Is This The Future of Recruiting and Hiring?

The Wall Street Journal had a story about the hiring practices at Unilever, the global consumer products firm.

Here are some excerpts from the article, to give you a sense of how the program operates and what the results have been like so far for Unilever.

To diversify its candidate pool for early-career roles that are a fast track to management, Unilever has ditched resumes and traditional campus recruiting. Its new process relies on algorithms to sort applicants and targets young potential hires where they spend much of their time: their smartphones.

Since young people live their lives online, Unilever decided to use the internet to recruit beyond the eight or so schools where recruiters had traditionally sought hires. 

To get the word out about jobs, Unilever placed targeted advertisements on Facebook and career-advice sites such as WayUp and the Muse. Those who clicked on the ads were directed to a career site where they could apply for entry-level jobs and internships in just a few clicks, since Unilever pulls information from the candidate’s LinkedIn profile to fill out the application. An algorithm scans those applications—275,400 in all so far—to surface candidates who meet a given role’s requirements. The software weeds out more than half of the pool. 

Candidates are then asked to play a set of 12 short online games designed to assess skills like concentration under pressure and short-term memory. The top third of those students or fewer are invited to submit video interviews on HireVue, through a website or app, answering questions about how they would respond to business challenges encountered on the job.

At both steps, artificial-intelligence can filter anywhere from 60% to 80% of candidates. To determine which candidates are most likely to be successful at Unilever, the AI uses data points such as how quickly they respond to questions, their facial expressions and vocabulary.

The first step involving direct human judgment is the last step, a final in-person interview with Unilever human-resources executives and managers. Last fall across the U.S. and Canada, around 300 candidates interviewed in person for 200 positions.

Unilever says hiring has become faster and more accurate—80% of applicants who make it to the final round now get job offers, and a similar number accept—and saved on recruiting costs, too, though Unilver wouldn’t say how much. Applicants hailed from more than 2,600 colleges for positions in the U.S. and Canada, tripling the numbers of schools in its previous applicant pool.

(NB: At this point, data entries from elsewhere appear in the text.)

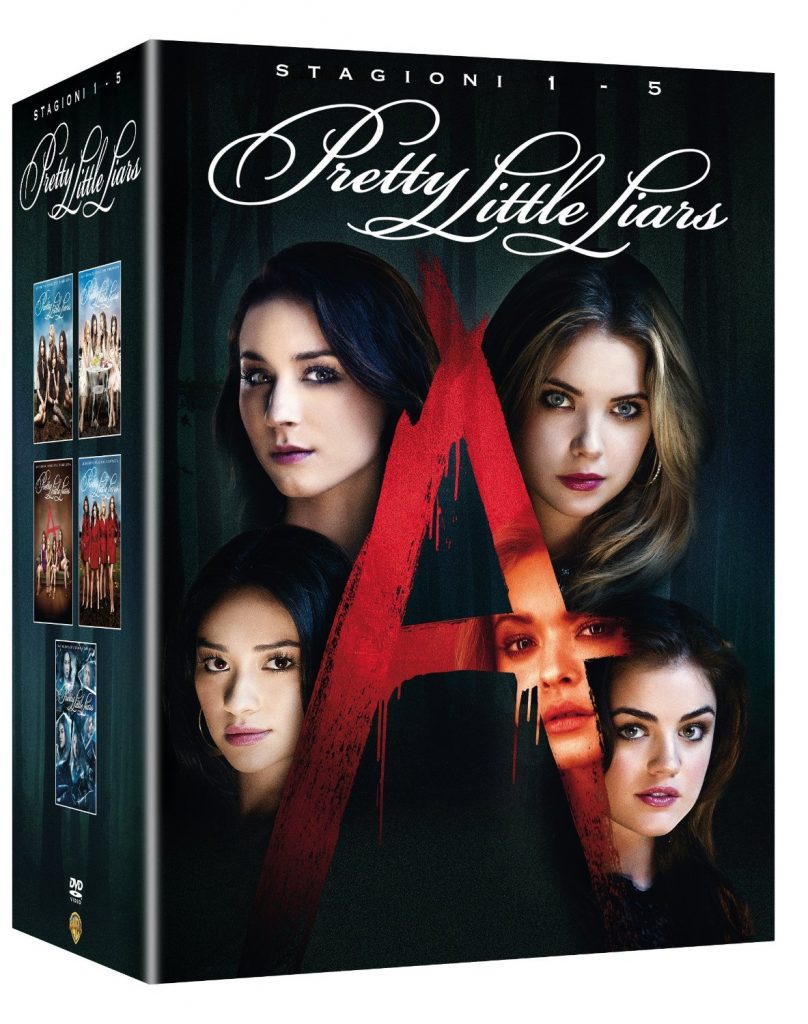 Pretty Little Liars 2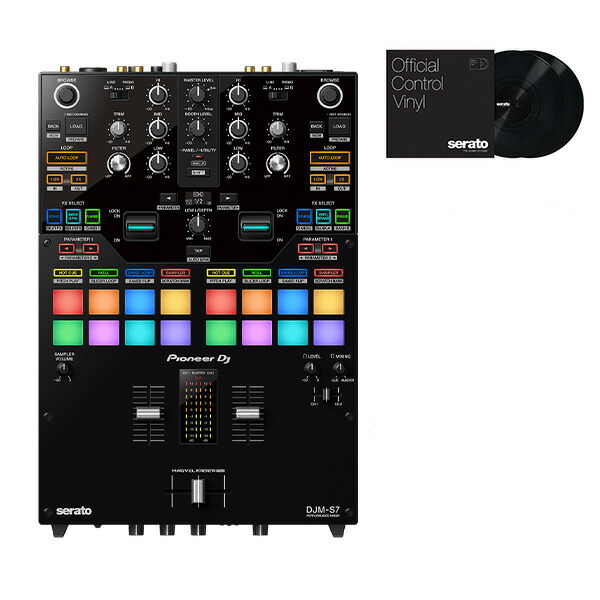 楽天市場】Pioneer DJ(パイオニア) / CH1 CH2 CH3 CH4 DCV1020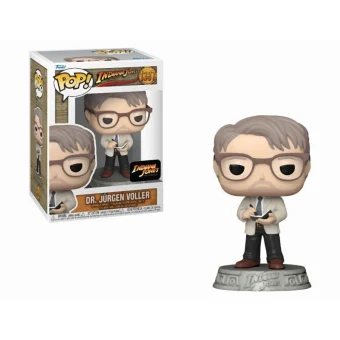 Funko Pop! Movies: Indiana Jones – Dr. Jürgen Voller (Bobble-Head) #1387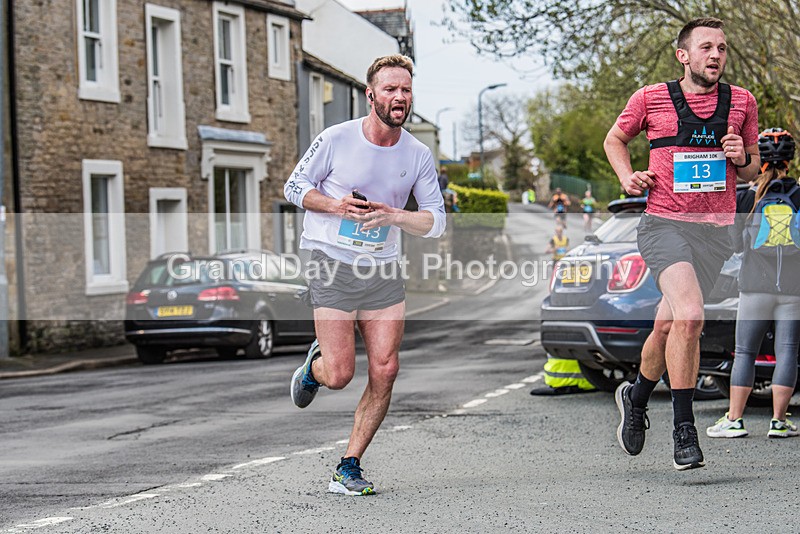 Brigham 10k-329 - Brigham 10k Road Race Sunday 23rd April 2023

Unilever spokeswoman Ms. Hutcheon said it’s too early to say whether the new hiring practices correlate with stronger employees, adding that the company is closely tracking those hires’ success.

I like some aspects of the program, particularly the fact hat it opens up opportunities to work at Unilever to a  much wider range of students.

I graduated from a small college where there seemed to be just a handful of firms recruiting. I contrast that with where I am now, where it seems every day of the week there are several firms out pitching to our students. So this Unilever program seems to offer opportunities to students from a wider range of schools, as evidenced by the fact it received applications from schools at over 2,600 schools, triple the number from the year before.

I also like the fact that the program lends itself to lots of data analysis to measure its effectiveness. More traditional approaches to recruiting were not likely as data-driven.

However, I also saw some problems with this approach to hiring.

I think recruits are going to learn how to game the system, particularly students from schools that can offer strategies on how to succeed in such a recruiting model.

I also didn’t like some of the implications about how recruits were being judged in the video interviews. Criteria like facial expressions and how fast a recruit responds to a question would seem to favor those who have been coached, and/or those who are good on camera because of their looks and ability answer questions quickly. I would hope that some of the questions are a bit challenging, and thus would require a little bit of time and thought before they could be answered. Personally, I would prefer someone who is a bit more contemplative as compared to someone that “shoots from the hip”. My sense from the article is that  the algorithms favor the fast respondents, even if the answer does not seem to include any critical thinking.

And while the article starts off by saying Unilever is using the algorithms to increase diversity, there is little mention of if and how that is being accomplished. The story also notes that the program can help to reduce bias in the hiring process. That may be true to some extent, but it is still a human that creates the criteria and the filters for narrowing down the list of possible recruits.

There’s no doubt that technology can play a key role in the hiring process. n process much more quickly an initial round of interviews by first making sure the candidate has the right skills for the job.

Whether algorithms can aver fully replace humans in the process remains to be seen. My guess is no…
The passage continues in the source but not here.